XVI DOMINGO ORDINARIO - A

SABIDURÍA 12, 13. 16-19
Fuera de ti, no hay otro dios al cuidado de todo, a quien tengas que demostrar que no juzgas injustamente.
Porque tu fuerza es el principio de la justicia, y tu señorío sobre todo te hace ser indulgente con todos.
Despliegas tu fuerza ante el que no cree en tu poder perfecto y confundes la osadía de los que lo conocen.
Pero tú, dueño del poder, juzgas con moderación y nos gobiernas con mucha indulgencia, porque haces uso de tu poder cuando quieres.
Actuando así, enseñaste a tu pueblo que el justo debe ser humano, y diste a tus hijos una buena esperanza, pues concedes el arrepentimiento a los pecadores.

COMENTARIO

Nuestra religión cristiana es una religión de vida y amor.

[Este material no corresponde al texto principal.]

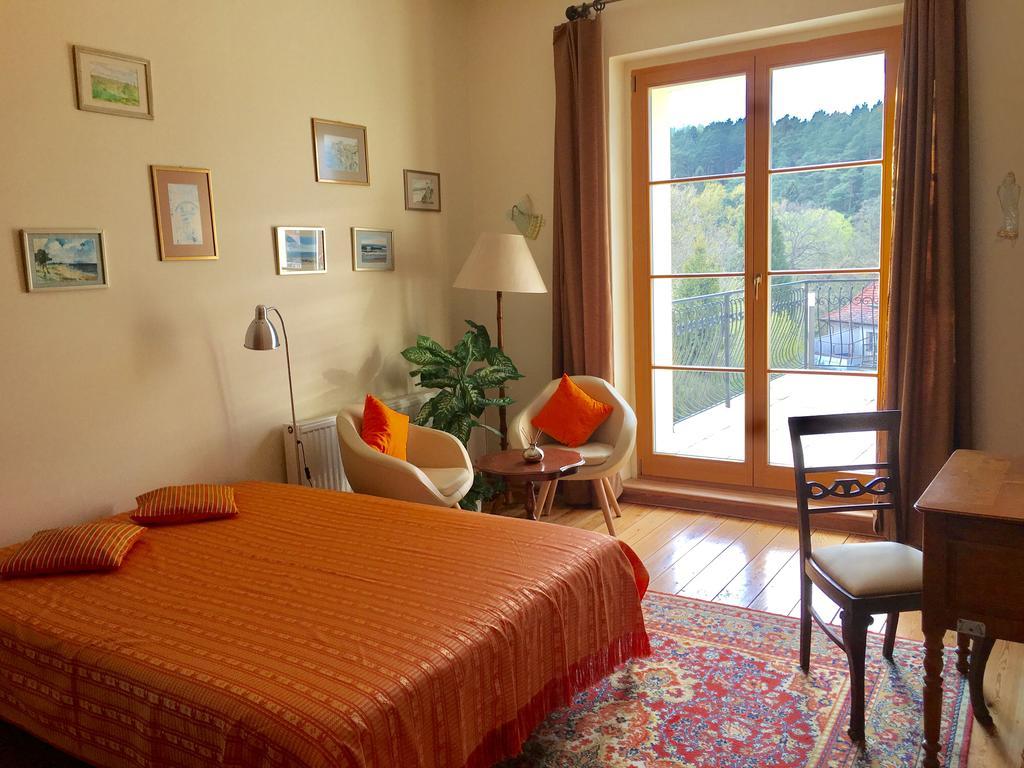 Sopot Residence Chambre photo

El poder se muestra en la debilidad. El dios de los cristianos no es un dios de venganza.
La abundante literatura homilética de nuestros oradores del pasado, amenazando con terribles castigos  y condenación a los pecadores, quedó archivada en los estantes de las bibliotecas de los monasterios. Hoy no es de recibo dirigirse al pueblo creyente en esa oratoria tremendista y condenatoria, por la sencilla razón que no refleja la imagen de Dios que nos transmite la Biblia.
El Libro de la Sabiduría, que leemos en este domingo, es el último libro que se escribe del Antiguo Testamento. Por lo mismo refleja un importante avance en la revelación de un Dios clemente y misericordioso, lento a la ira y rico en piedad y compasión.
En este libro, Dios muestra su poder en la indulgencia; confunde a los que dudan de su poder, mostrando su fuerza en la aparente debilidad del perdón.
El autor sagrado concluye que así Dios educa a sus hijos a ser indulgentes, aplicando la vara de la justicia con gran humanidad.
Nuestro Dios es el dios de la paciencia y de la misericordia, que se apiada del pecador, perdonando hasta setenta veces siete, es decir, siempre.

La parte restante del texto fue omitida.